#### YOUR OBJECTIVE
Produce an exact transcription of the listing below, omitting the pictures.

#### INPUT DATA
..............................
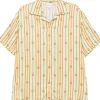 Drole De Monsieur Camicia Verde Uomo
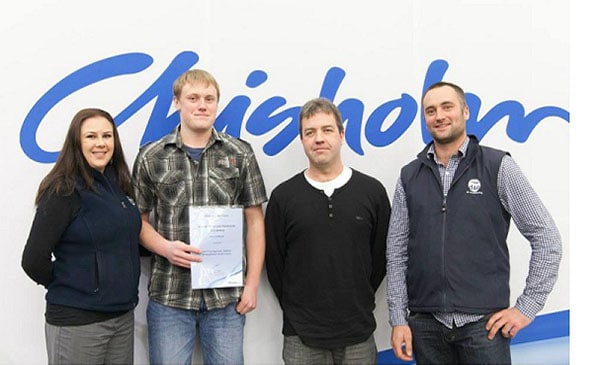 de air conditioning congratulations to d e plumbing apprentice james dickinson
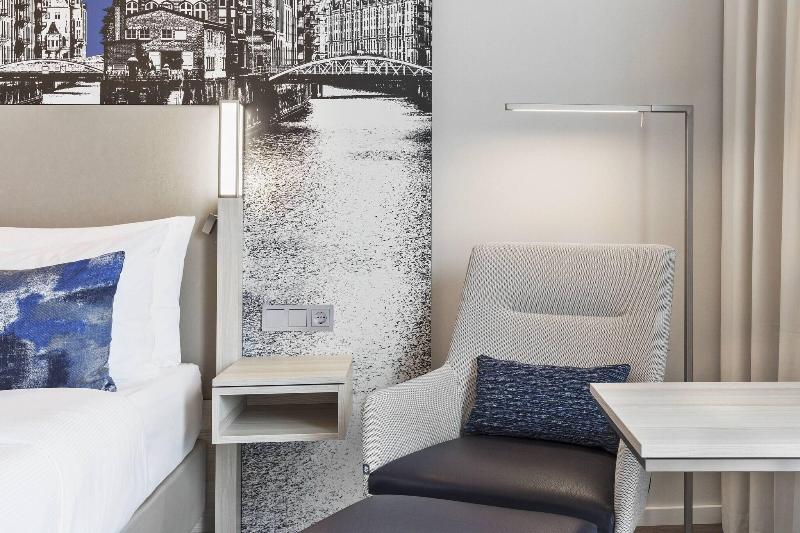 Courtyard By Marriott Hamburg City - Oda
..............................
#### TASK ANSWER
 Drole De Monsieur Camicia Verde Uomo
 de air conditioning congratulations to d e plumbing apprentice james dickinson
 Courtyard By Marriott Hamburg City - Oda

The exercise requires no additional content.